Allargando lo sguardo la Chiesa italiana si sta organizzando verso il fabulato sinodo. Già si fanno riunioni, circolano documenti, programmi, inchieste. E’ un po’ la mania dei nostri tempi. Ma tutto sembra appiattito sul sociale. Intendiamoci: un sociale finalizzato agli scopi della Chiesa, ossia alla diffusione e consolidamento del Vangelo. Si coglie un’immagine di Chiesa ansiosamente indaffarata nelle faccende del mondo, in definitiva sguazzante nel sociale. Diceva un prestigioso giornalista che la religione è ormai ridotta a sociologia. Come dargli torto, se l’uomo le interessa più di Dio e questa vita più dell’altra? Se continua a mantenersi questa ottusa censura sull’eternità, la religione non serve a niente! Gesù ha parlato di questa vita ma in manifesta funzione dell’altra, nella sua ambivalenza mai da tacersi se e quando si viene sull’argomento.

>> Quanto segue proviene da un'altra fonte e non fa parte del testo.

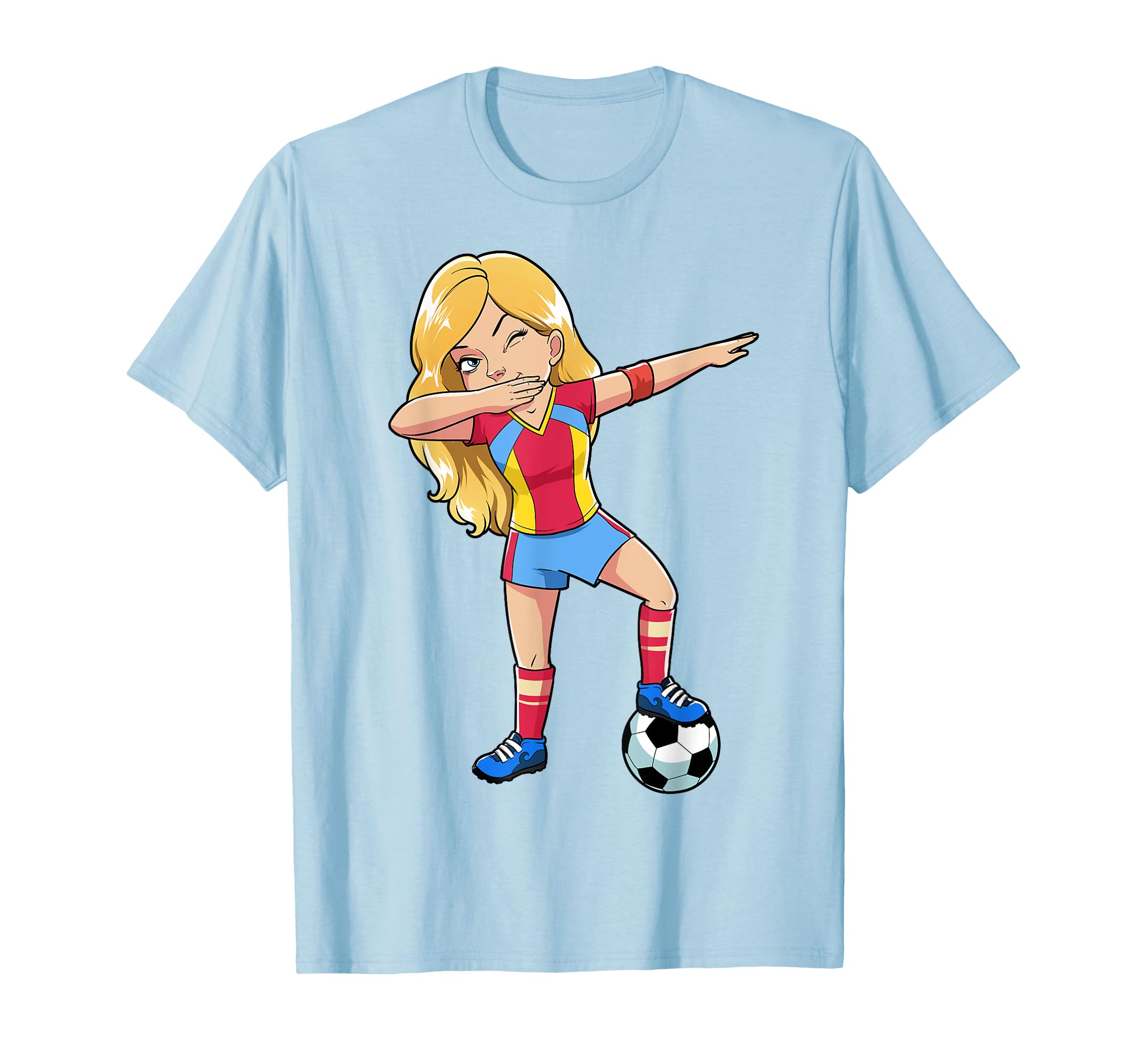 Dabbing Soccer Dab Dance Football T-Shirt - Custom Art Print for Adults - T-Shirt, Sweatshirt, Hoodie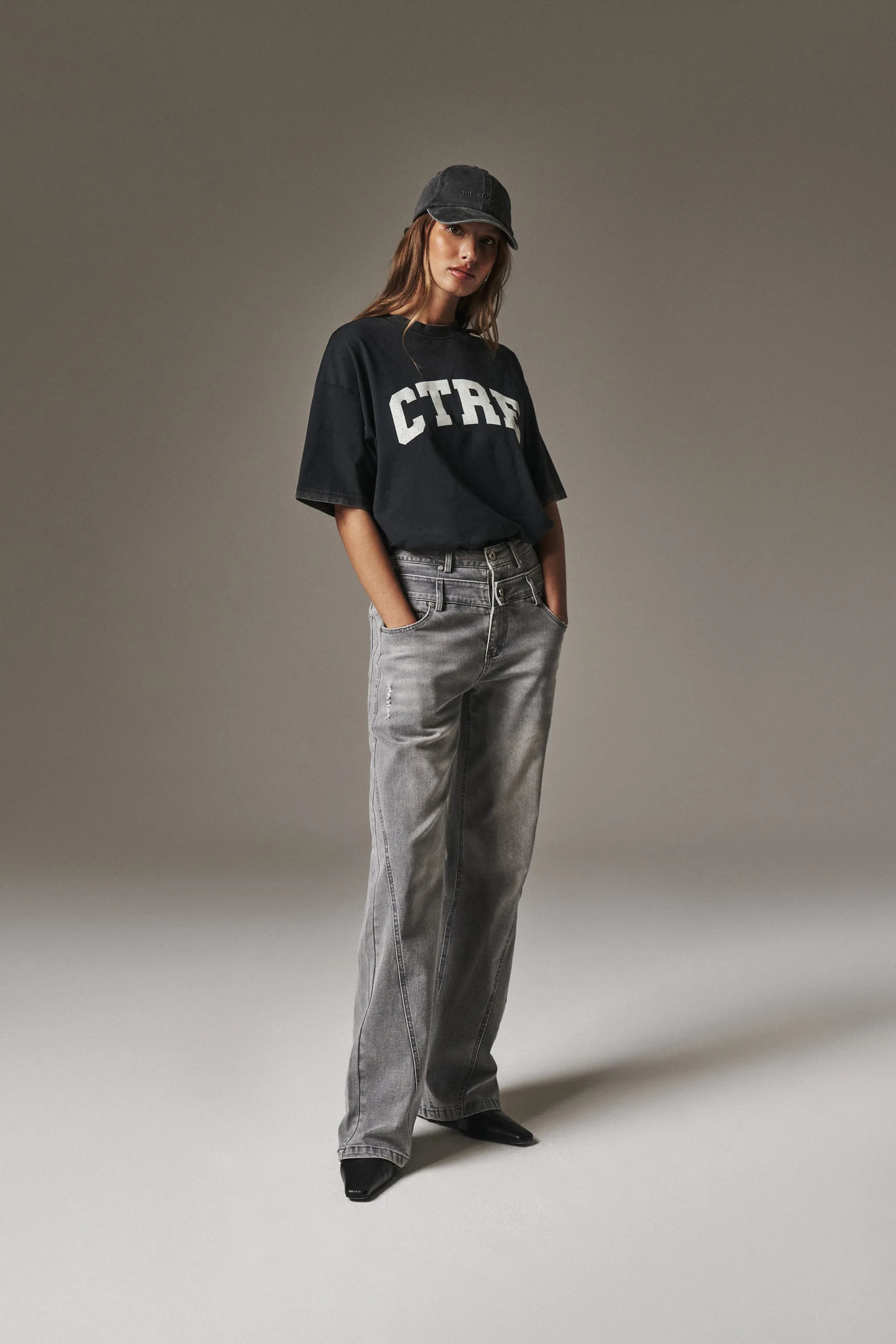 CTRE ACID WASH CRACKED T-SHIRT - ACID WASH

Noi preti, nelle omelie funebri, siamo più o meno soliti sfalsare l’eternità con un riabbraccio fra noi e naturalmente con il defunto di turno, tacendo o solo fiorando il momento contemplativo su Dio nell’eternità, se andata a buon fine. Perché la dobbiamo riciclare su un miglioramento delle vita presente, senza che ci sia uno sfavillante salto di qualità? Queste cose le penso fin da bambino, e più mi avvicino, più mi intrigano piacevolmente.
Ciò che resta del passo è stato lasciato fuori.